- Pay attention while you are learning. We remember best what we read/learn first and last in a study session. You will remember more from three 20-minute sessions with short breaks (2-5 minutes) than you will from one 60-minute session.
- Get the information right the first time. False ideas and misunderstood facts can hang on as information you learn correctly.
- Be sure you fully understand the material. When you can explain it to someone else, then you really know it.
- Try to see the significance of what you're learning. See how what you are learning is part of a larger whole. Ask yourself: Why does Professor X want me to learn this?
- Involve your ego, if possible. See how the task relates to your life. Does the material please or displease you? Is it important to your self-concept that you know the material?

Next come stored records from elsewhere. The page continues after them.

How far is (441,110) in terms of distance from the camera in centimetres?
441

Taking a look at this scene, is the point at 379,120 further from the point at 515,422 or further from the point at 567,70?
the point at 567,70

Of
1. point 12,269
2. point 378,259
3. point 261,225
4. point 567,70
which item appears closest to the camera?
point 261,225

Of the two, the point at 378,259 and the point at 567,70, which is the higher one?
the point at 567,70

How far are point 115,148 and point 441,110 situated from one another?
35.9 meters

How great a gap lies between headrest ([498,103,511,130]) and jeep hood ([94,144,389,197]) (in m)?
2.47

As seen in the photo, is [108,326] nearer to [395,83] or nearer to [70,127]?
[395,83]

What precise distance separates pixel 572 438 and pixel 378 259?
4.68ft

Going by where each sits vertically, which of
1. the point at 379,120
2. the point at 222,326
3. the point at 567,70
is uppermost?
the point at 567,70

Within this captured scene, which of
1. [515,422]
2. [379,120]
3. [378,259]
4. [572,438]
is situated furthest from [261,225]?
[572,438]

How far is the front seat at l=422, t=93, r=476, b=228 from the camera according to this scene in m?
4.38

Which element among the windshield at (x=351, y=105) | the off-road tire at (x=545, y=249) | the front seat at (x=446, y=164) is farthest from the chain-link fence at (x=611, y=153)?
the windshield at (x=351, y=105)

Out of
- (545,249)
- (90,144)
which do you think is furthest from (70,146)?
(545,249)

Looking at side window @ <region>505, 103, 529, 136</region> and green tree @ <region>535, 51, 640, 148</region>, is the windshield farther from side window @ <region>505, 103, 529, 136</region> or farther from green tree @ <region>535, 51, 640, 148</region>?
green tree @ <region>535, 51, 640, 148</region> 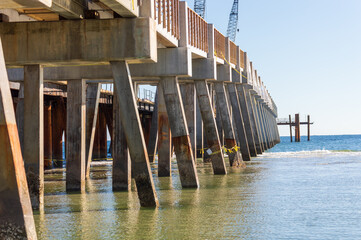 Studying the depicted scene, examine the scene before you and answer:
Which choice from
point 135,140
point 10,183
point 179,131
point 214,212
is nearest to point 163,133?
point 179,131

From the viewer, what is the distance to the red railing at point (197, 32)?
2318 centimetres

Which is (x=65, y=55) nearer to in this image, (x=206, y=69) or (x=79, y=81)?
(x=79, y=81)

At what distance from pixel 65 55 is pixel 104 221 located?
4.31 metres

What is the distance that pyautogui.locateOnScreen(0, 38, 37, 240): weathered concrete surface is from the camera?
891cm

- Associate new material with related information you already know. (Even when new material seems to disagree with previous learning, you have a valuable connection for recalling it later.)
- Organize the material so you can file it in its proper place in your memory. If you have organized carefully, remembering part of something will enable you to remember the rest.
- If there is a basis for doing so, divide and group your material. Information is best remembered by “chunking”, or in “little bunches”.
- Reinforce what you have learned through repetition and usage. You will not remember something you do not use.
- Recite often. In a massive research study by Dr. A. I. Gates, students were divided into different groups. One group used 100% of its time in reading an article over and over again, while another group spent 80% of its time reading and 20% reciting the same article. Other groups read and recited in different proportions. The final group spent only 20% of its time reading and 80% in reciting, and this group clearly emerged with the highest score.
A portion of the above information was adapted from Walter Pauk's How to Study in College, Fifth Ed. Boston: Houghton Mifflin, 1993.